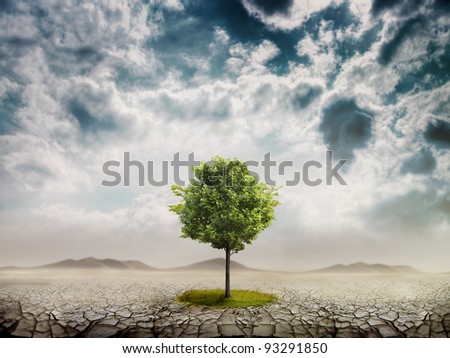Lonely green tree in the desert Royalty-Free Stock Photo #93291850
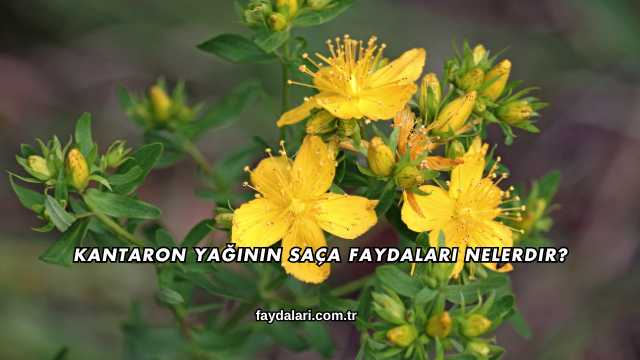 Kantaron Yağının Saça Faydaları Nelerdir?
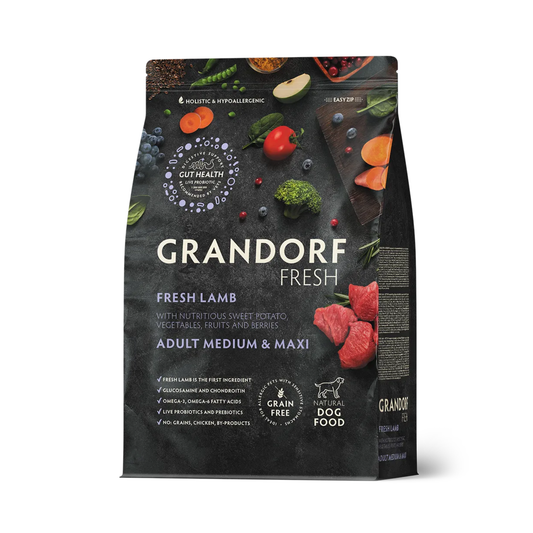 Yetişkin Orta ve Büyük Taze Kuzu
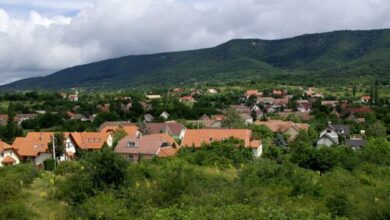 Borbolya Vendégház Cserkút 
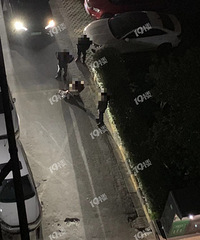 Ů˾����С����ײ��ҵ���ĳ��ﹷ������ûǣ����զ�⣿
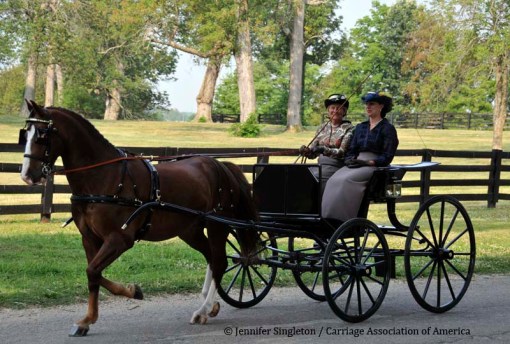 © 2012 Jennifer Singleton - Please do not copy or save without permission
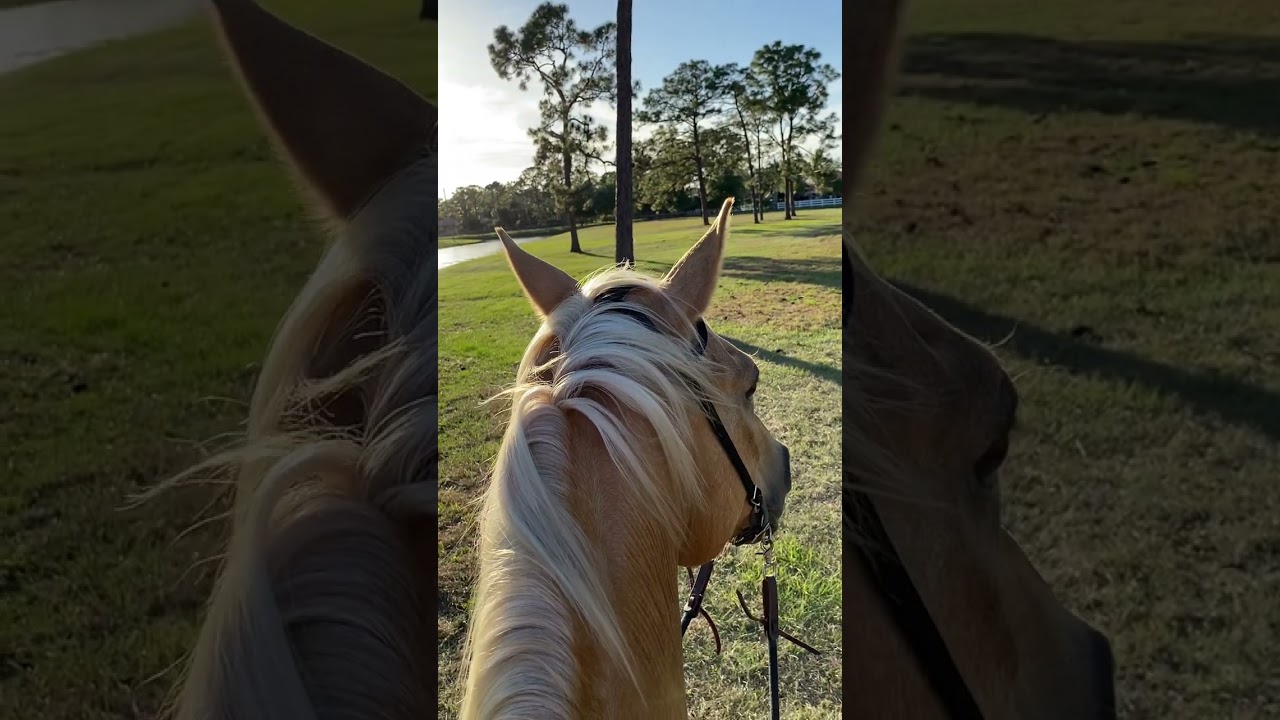 🐴 CHANGED My Life | Heaven 😇 on earth #horse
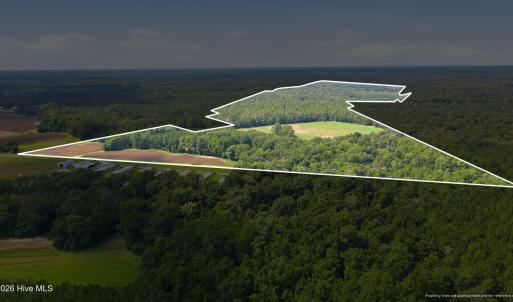 Photo #3 of 315 Heath, Trenton, NC 234.3 acres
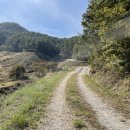 무주 당산대교 이미지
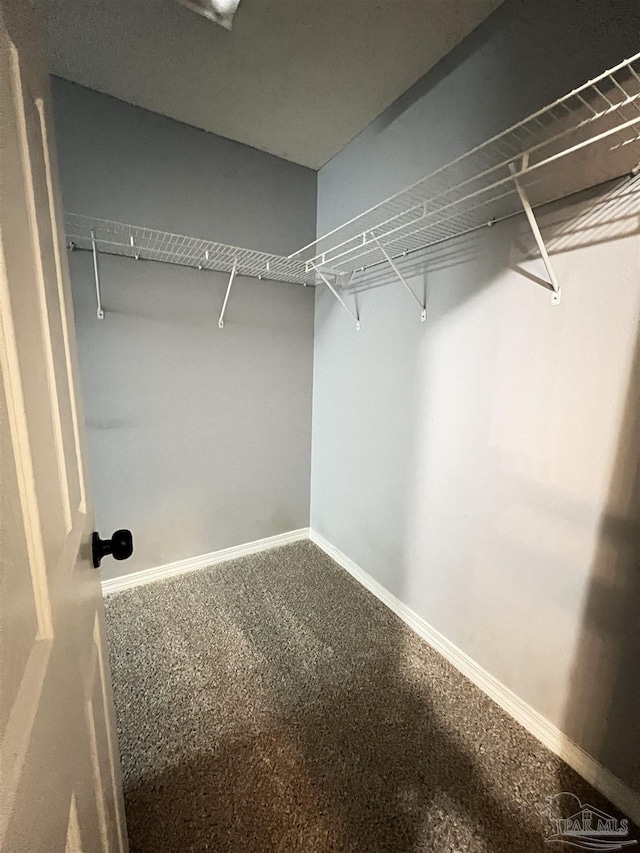 spacious closet featuring carpet flooring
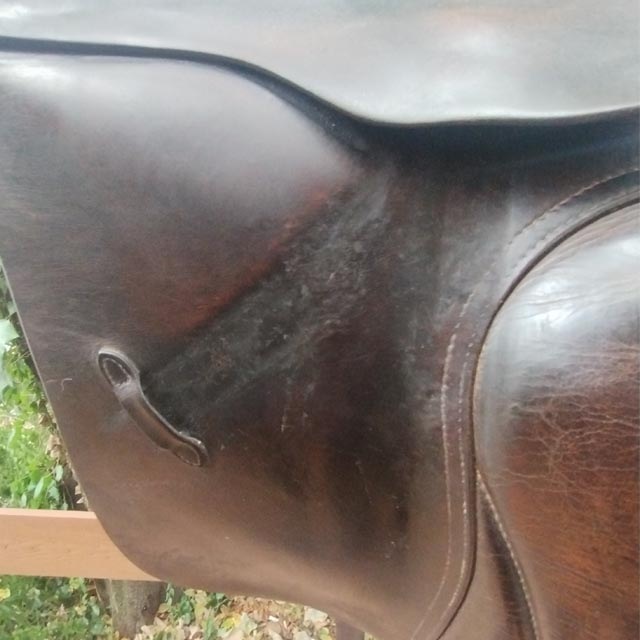 ����š�PASSIER �Ͼ�ȡ�16.5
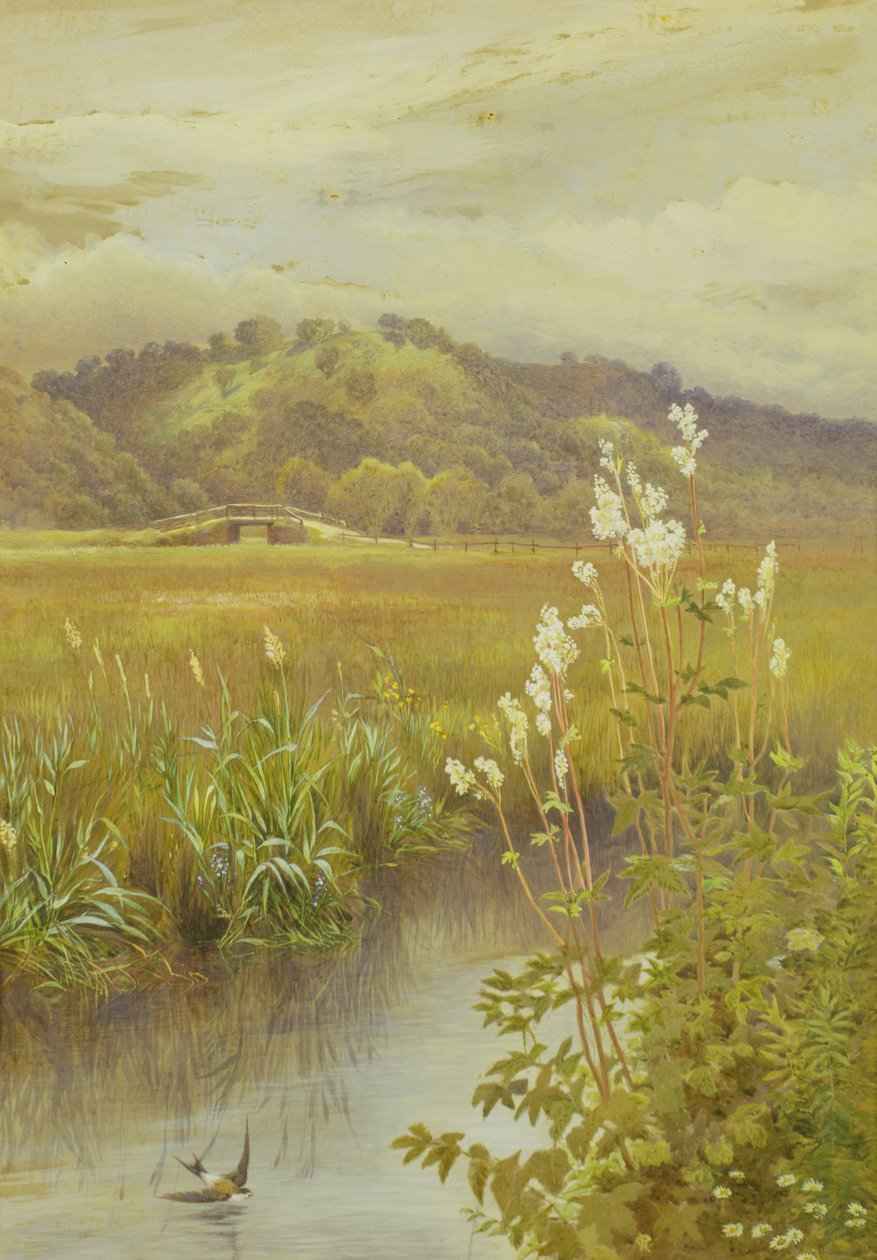 Pelo Rio de Charles Robertson
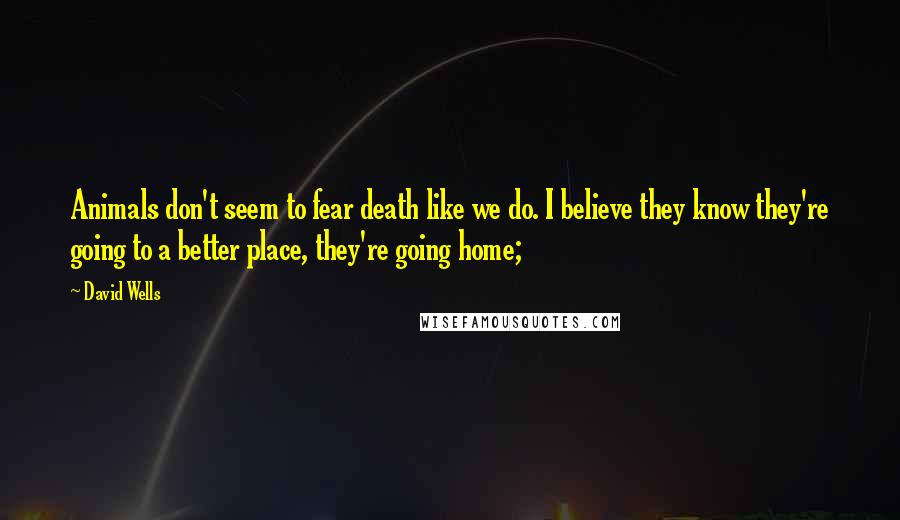 David Wells Quotes: Animals don't seem to fear death like we do. I believe they know they're going to a better place, they're going home;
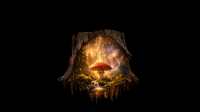 bg 2560x1440 black agaric 1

■ ■ ■ ■ ■

YOUR INSTRUCTIONS:
Print the entries above exactly, taking out only the pictures.

RESULT OF THIS TASK:
Lonely green tree in the desert Royalty-Free Stock Photo #93291850
 Kantaron Yağının Saça Faydaları Nelerdir?
 Yetişkin Orta ve Büyük Taze Kuzu
 Borbolya Vendégház Cserkút 
 Ů˾����С����ײ��ҵ���ĳ��ﹷ������ûǣ����զ�⣿
 © 2012 Jennifer Singleton - Please do not copy or save without permission
 🐴 CHANGED My Life | Heaven 😇 on earth #horse
 Photo #3 of 315 Heath, Trenton, NC 234.3 acres
 무주 당산대교 이미지
 spacious closet featuring carpet flooring
 ����š�PASSIER �Ͼ�ȡ�16.5
 Pelo Rio de Charles Robertson
 David Wells Quotes: Animals don't seem to fear death like we do. I believe they know they're going to a better place, they're going home;
 bg 2560x1440 black agaric 1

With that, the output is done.